## Problem statement
Starting at the line that contains "BRISBANE, AUSTRALIA - DECEMBER", write out each line exactly through the last one in the material below, and nothing more; omit all pictures.

## Material provided

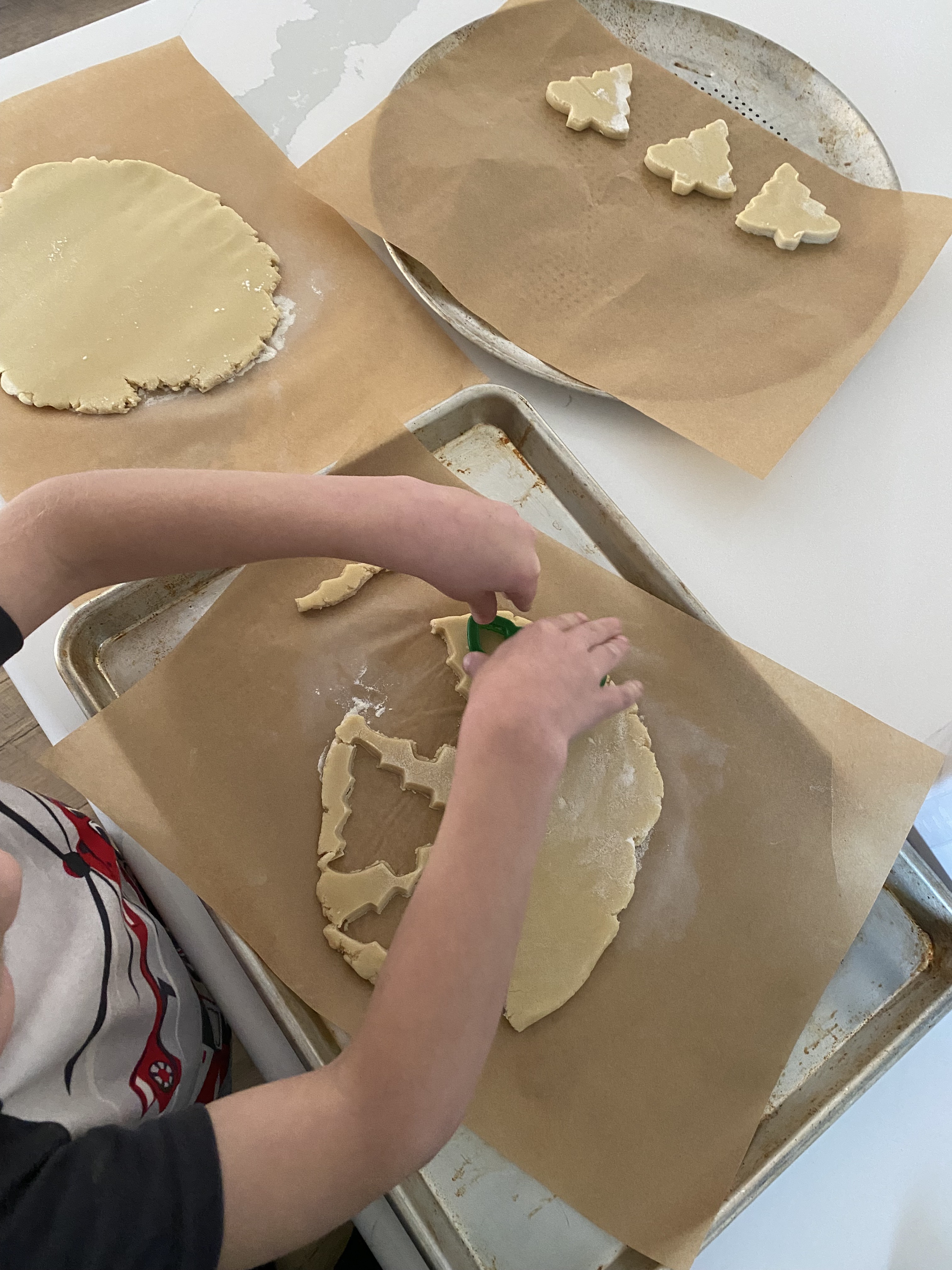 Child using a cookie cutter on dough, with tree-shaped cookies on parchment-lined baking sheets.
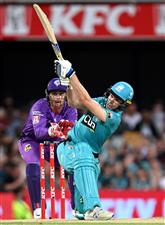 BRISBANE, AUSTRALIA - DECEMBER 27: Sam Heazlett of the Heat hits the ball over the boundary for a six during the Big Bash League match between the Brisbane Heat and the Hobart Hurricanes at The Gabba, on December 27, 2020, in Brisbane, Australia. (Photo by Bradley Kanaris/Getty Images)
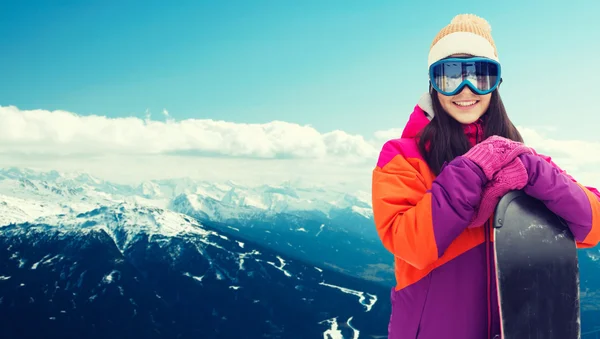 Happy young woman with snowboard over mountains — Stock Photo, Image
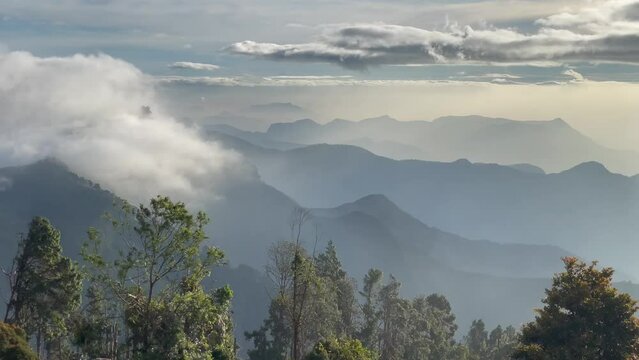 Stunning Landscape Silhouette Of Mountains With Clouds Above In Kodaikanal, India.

## Output
 BRISBANE, AUSTRALIA - DECEMBER 27: Sam Heazlett of the Heat hits the ball over the boundary for a six during the Big Bash League match between the Brisbane Heat and the Hobart Hurricanes at The Gabba, on December 27, 2020, in Brisbane, Australia. (Photo by Bradley Kanaris/Getty Images)
 Happy young woman with snowboard over mountains — Stock Photo, Image
 Stunning Landscape Silhouette Of Mountains With Clouds Above In Kodaikanal, India.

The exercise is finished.